As other companies finally enter the augmented reality ecommerce space to try and compete with us, we’ve noticed a trend: they all refer to their execution as a “virtual fitting room”, and promise brands that they will allow shoppers to “try on clothes” from the comforts of their own homes. And while I completely understand how that metaphor would be an easy connection for potential clients to make, I’d like to take a moment to explain why we’ve always actively avoided using that type of messaging/language when discussing our Webcam Social Shopper (WSS).

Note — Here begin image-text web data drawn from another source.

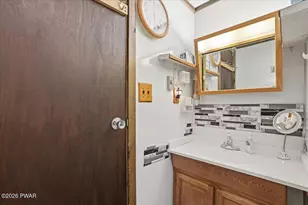 2374 Crest View Rd, Lake Ariel, PA 18436 - Photo 66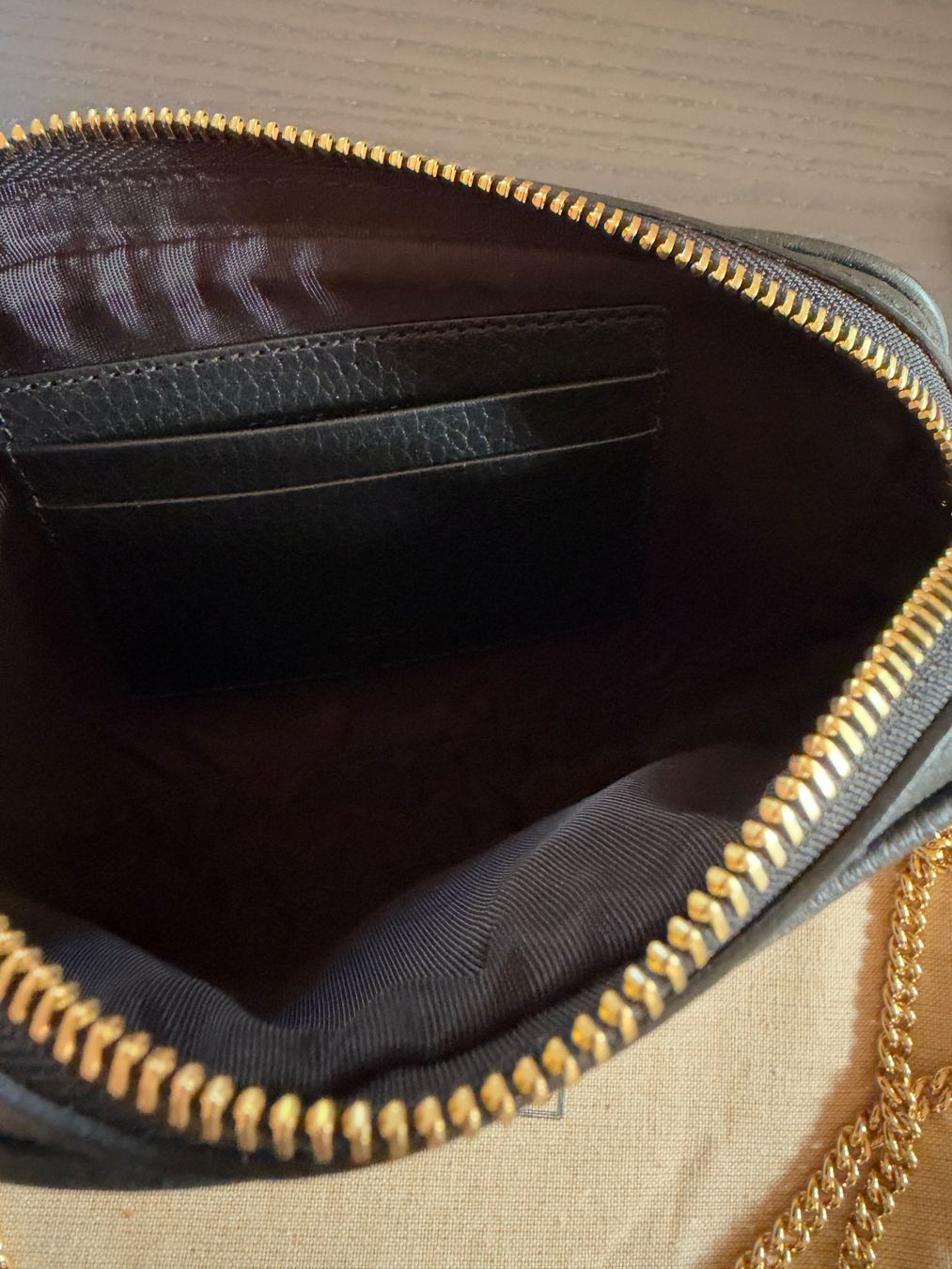 Gucci Borse da donna: Gucci GG Marmont Mini Camera Bag – Usato da Zürich venduto da dan_dy2z 8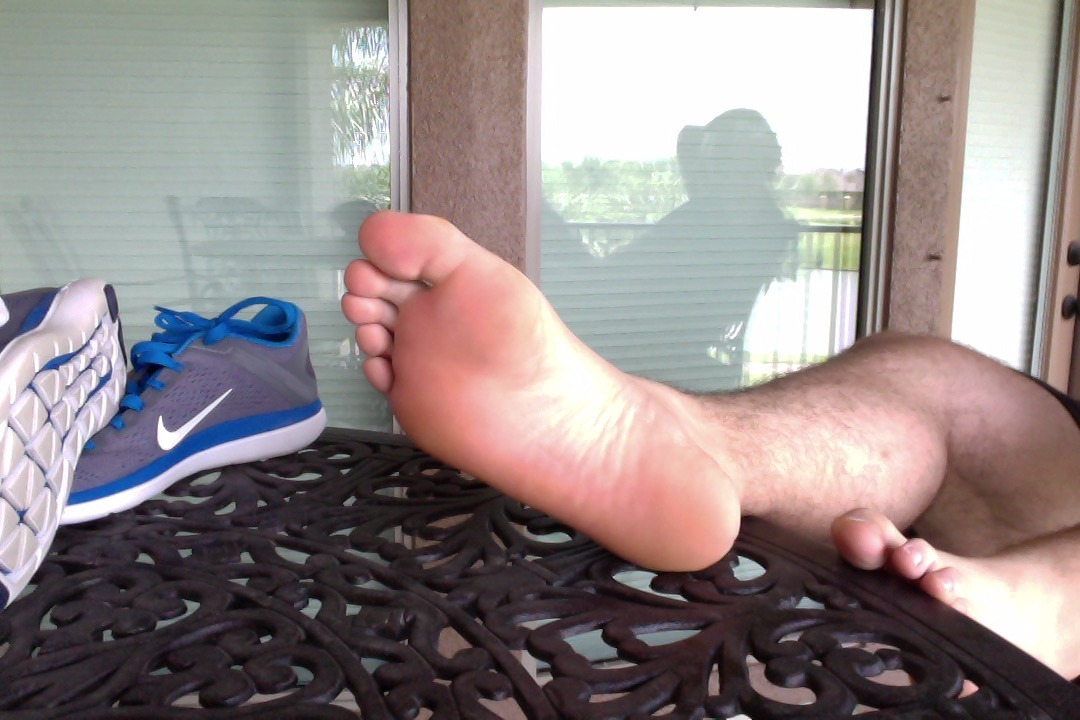 footguy1976:  barefootbro22:  fratboyfeet:After a hard workout at the gym and a 2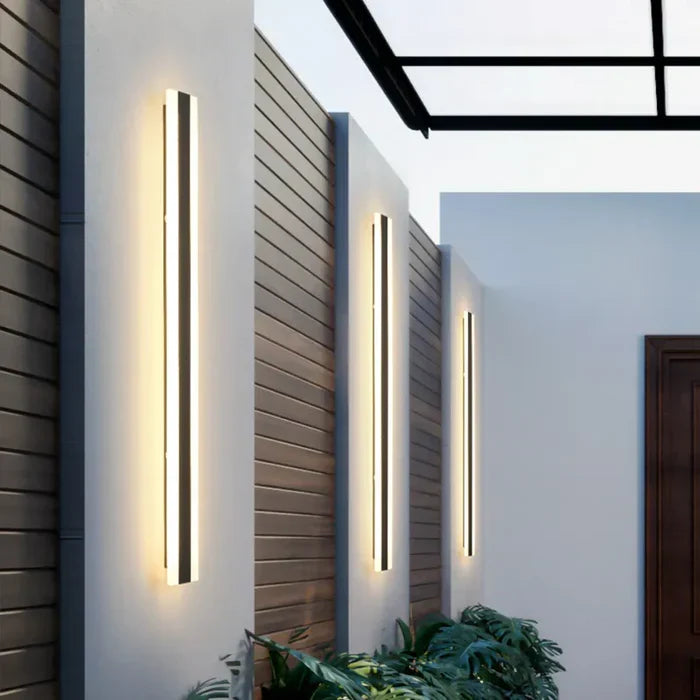 Duurzame LED buitenlamp RainGuard Light, ideaal voor sfeervolle tuinverlichting.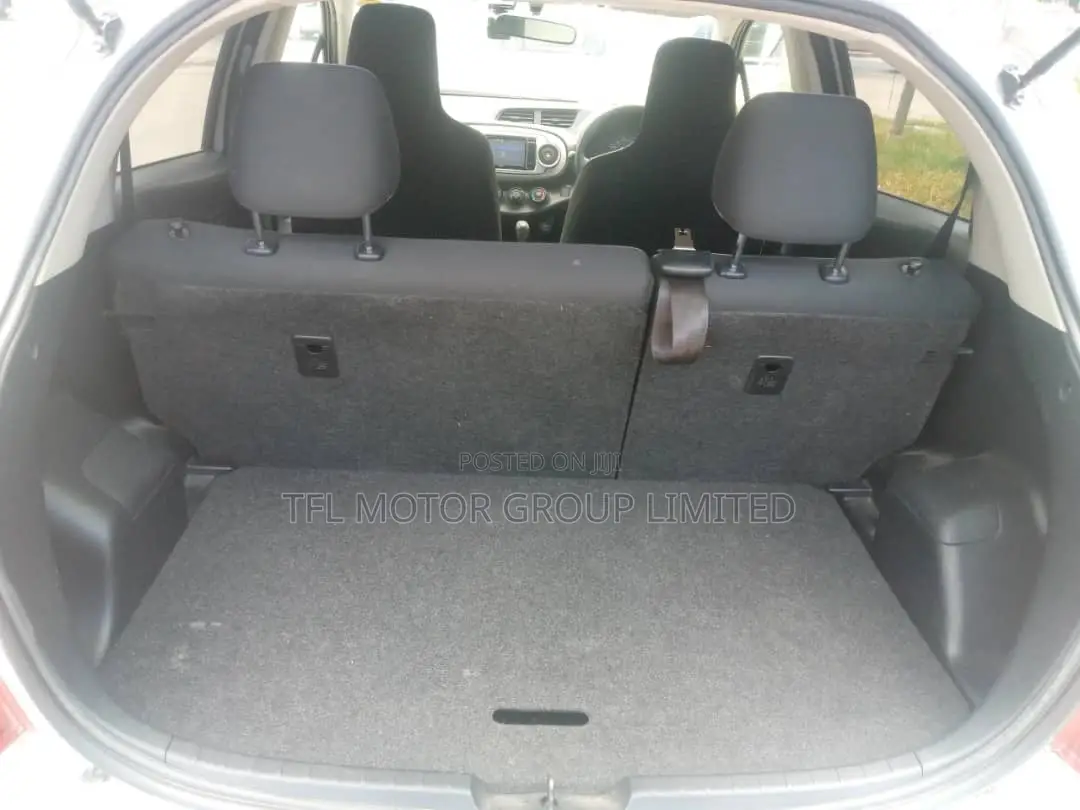 Toyota Vitz 2011 Silver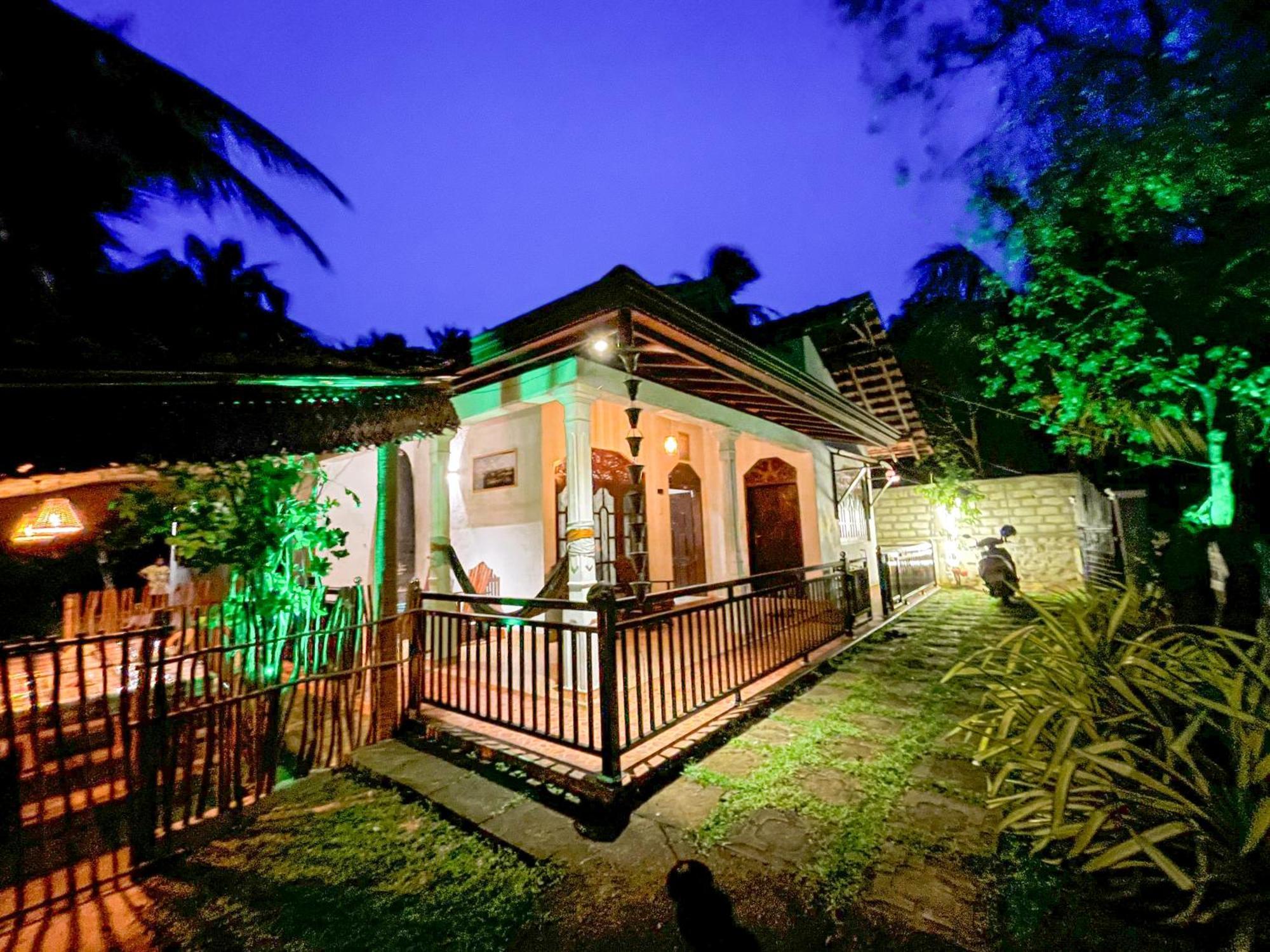 Kawshan Home Stay Dikwella Sur Exterior foto
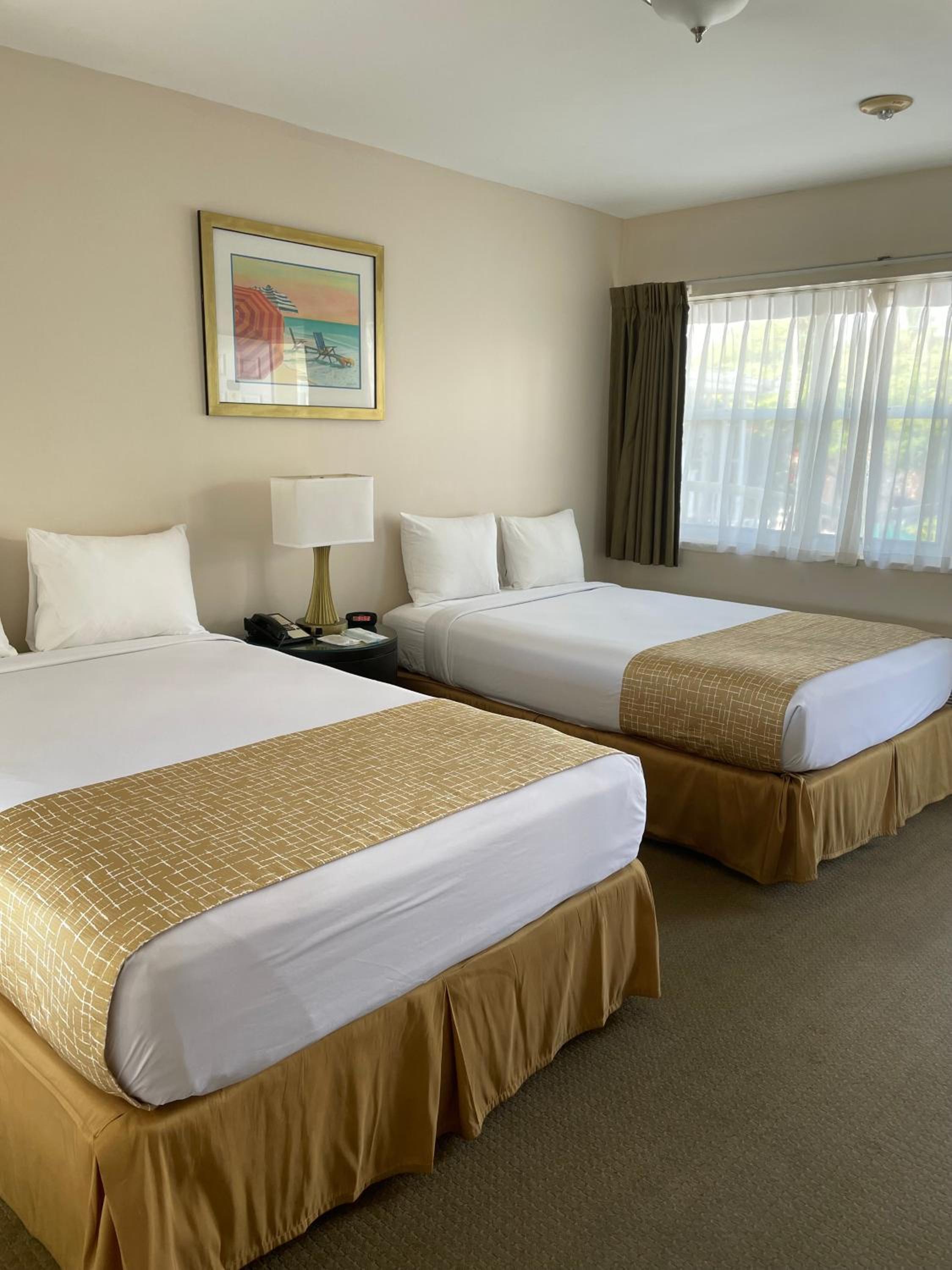 Standard Double Hotel Room with Two Double Beds - Free Parking - Photo 11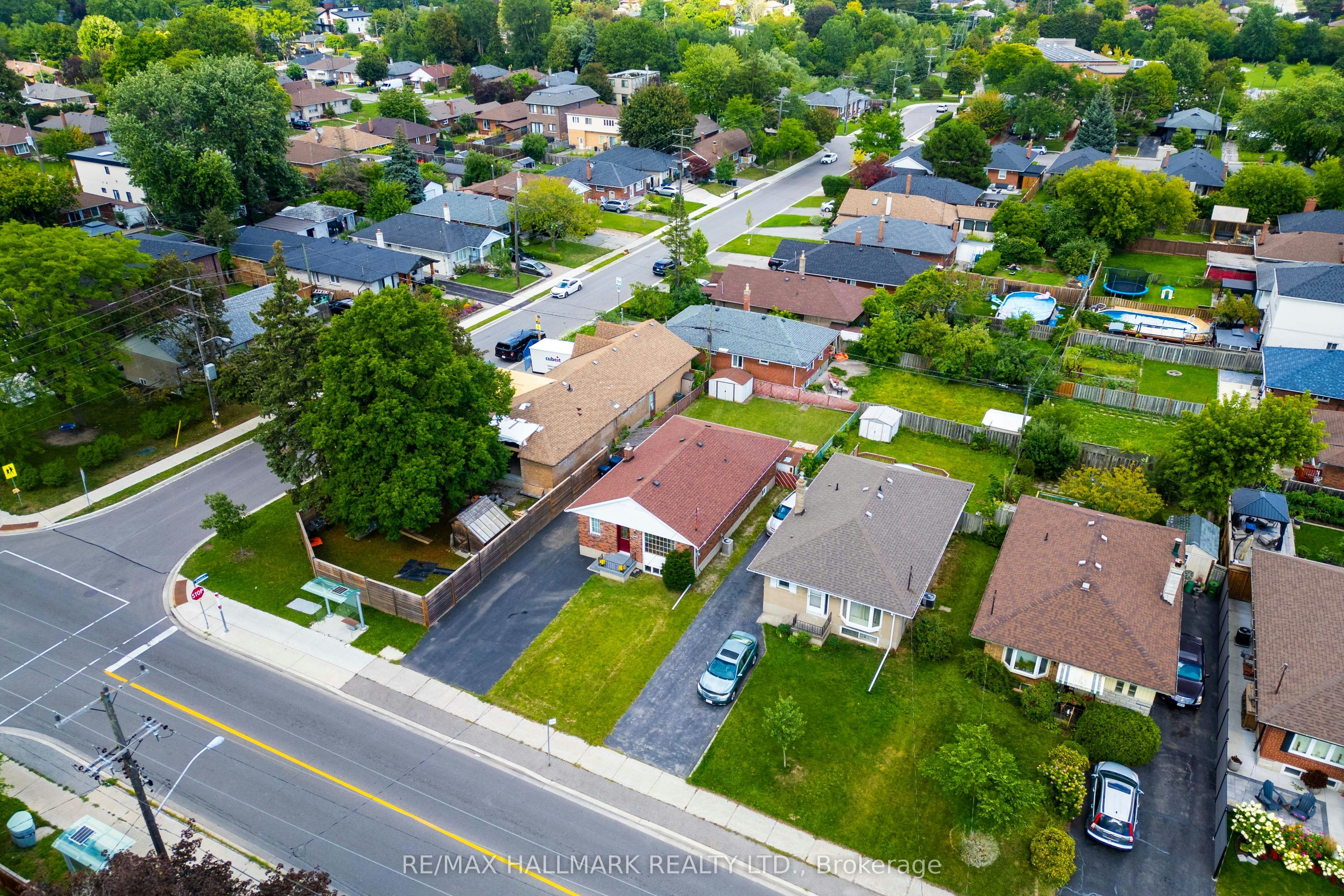 1557 Pharmacy Avenue, Toronto, ON, M1R 2K4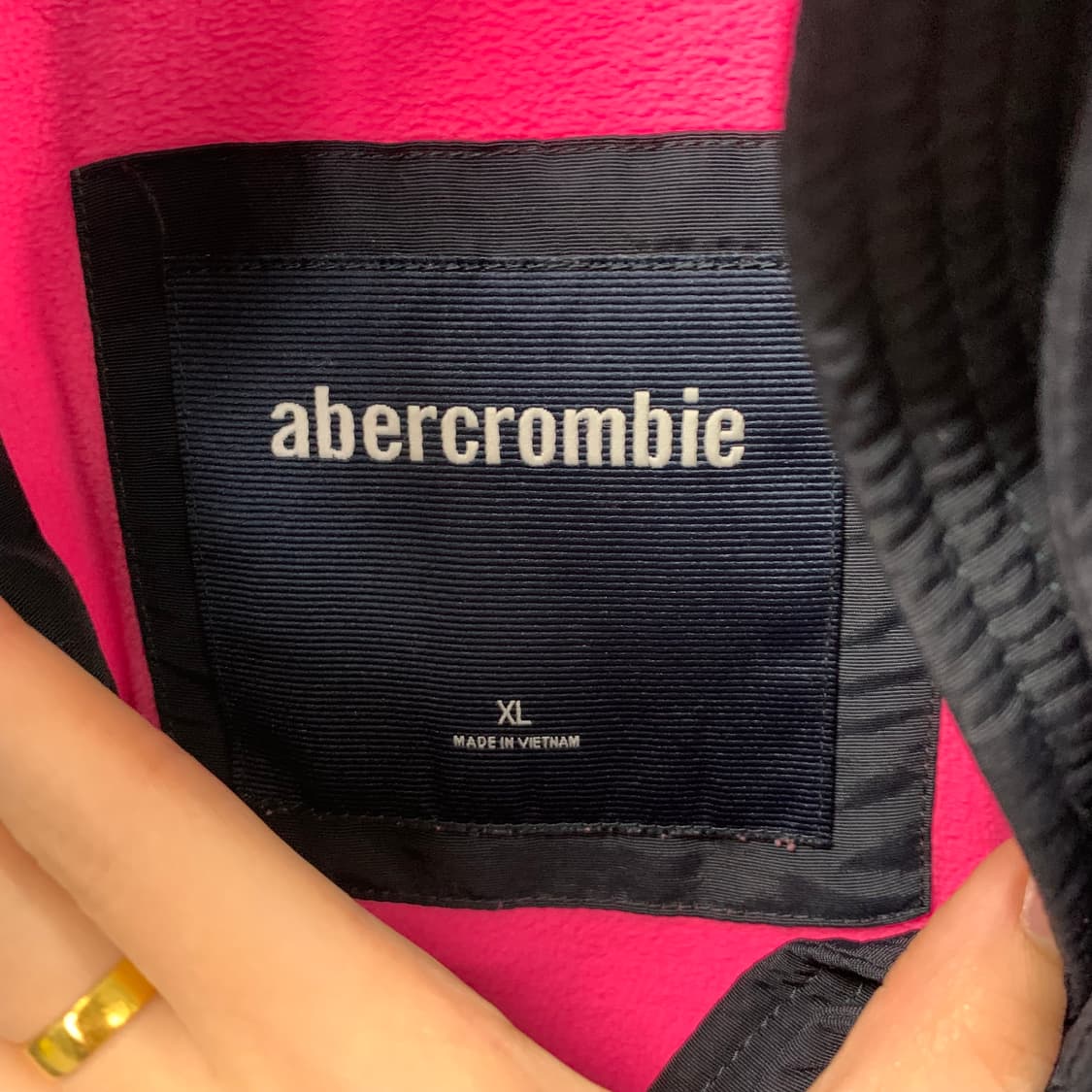 아베크롬비 블랙 기모 숏 자켓 상품이미지7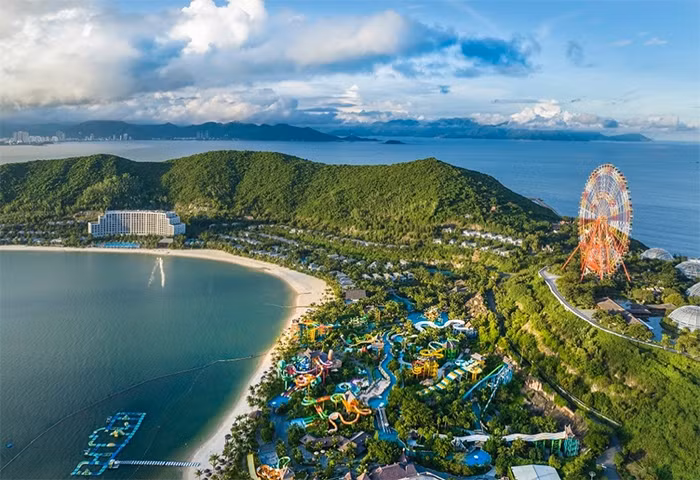 Sao đầu tiên của 8Wonder đã đến Vinpearl Nha Trang -0
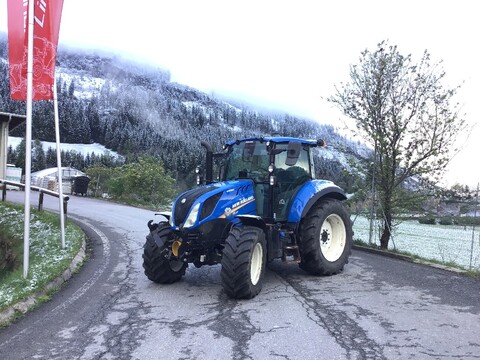 <strong>New Holland T 5.100</strong><br />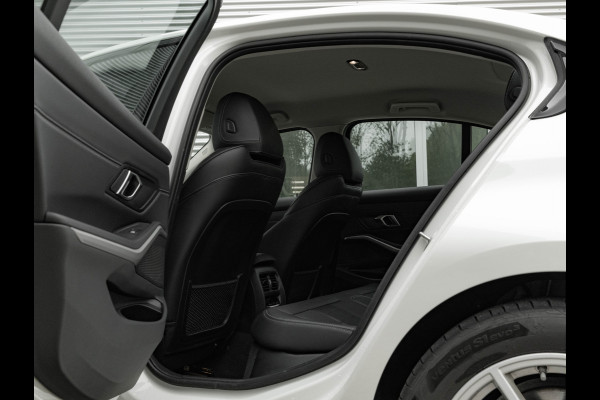 BMW 3-serie 320d - Sportstoelen - Trekhaak - 1-Hand - Navigatie - Bluetooth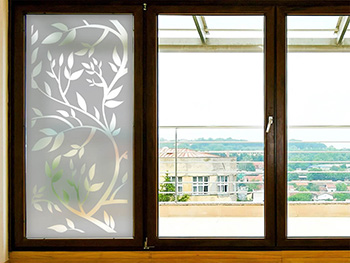 Folie sablare cu model crengi cu frunze, Folina, pentru uşi din sticlă, rolă de 100x210 cm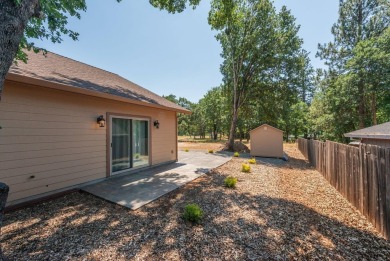 Custom home next to Golf Course in Weaverville with end of the on Trinity Alps Golf Course in California - for sale on GolfHomes.com, golf home, golf lot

Simply put: With the current technology shoppers are using at home (i.e. a normal computer and webcam) we can’t deliver on the promise of fit. No one can. And we feel it’s critical that we help brands to manage their shopper’s expectations from the get-go.
Let’s for the sake of this post completely ignore how important an apparel item’s tactile feel is when you try something on, and focus solely on what a shopper would expect when they’re in a dressing room trying something on. They’d expect to see where that item bunches, grabs, sags, and hangs. “Does the blouse hang too low?” “Are these jeans gonna give me a muffin top?” They’d want to see how that particular item would fit their very unique body, and rightfully so. Companies are proactively telling them they can “try something on”, and a shoppers only frame of reference is what happens in the real world. So all developers are doing by setting those expectations is setting shoppers (and online retailers) up to be disappointed by the experience rather than excited.
But “so what” if you can’t see how it fits? The value proposition doesn’t have to be about fit to greatly advance the current online shopping experience (especially for young women, who have grown up digital but are still shopping with their grandmother’s internet). WSS is about validating color and style, and seeing if an item is “right for you”, just like you would at the rack in a store. It’s about asking a friend “what do you think?” and getting that all important feedback before a purchase is made. Or maybe a shopper just wants to find a top to match a particular skirt they already own at home, that we can help with. But fit? Nope. Sorry, I truly wish it could be done. At the end of the day WSS (and its imitators) is just another tool to help shoppers validate their purchase (and hopefully have some fun doing it), just like “zooming” in on an item.
Now, I’d love to get your thoughts. Are we being too literal? Getting caught in the weeds, or do you agree with us that messaging makes a difference?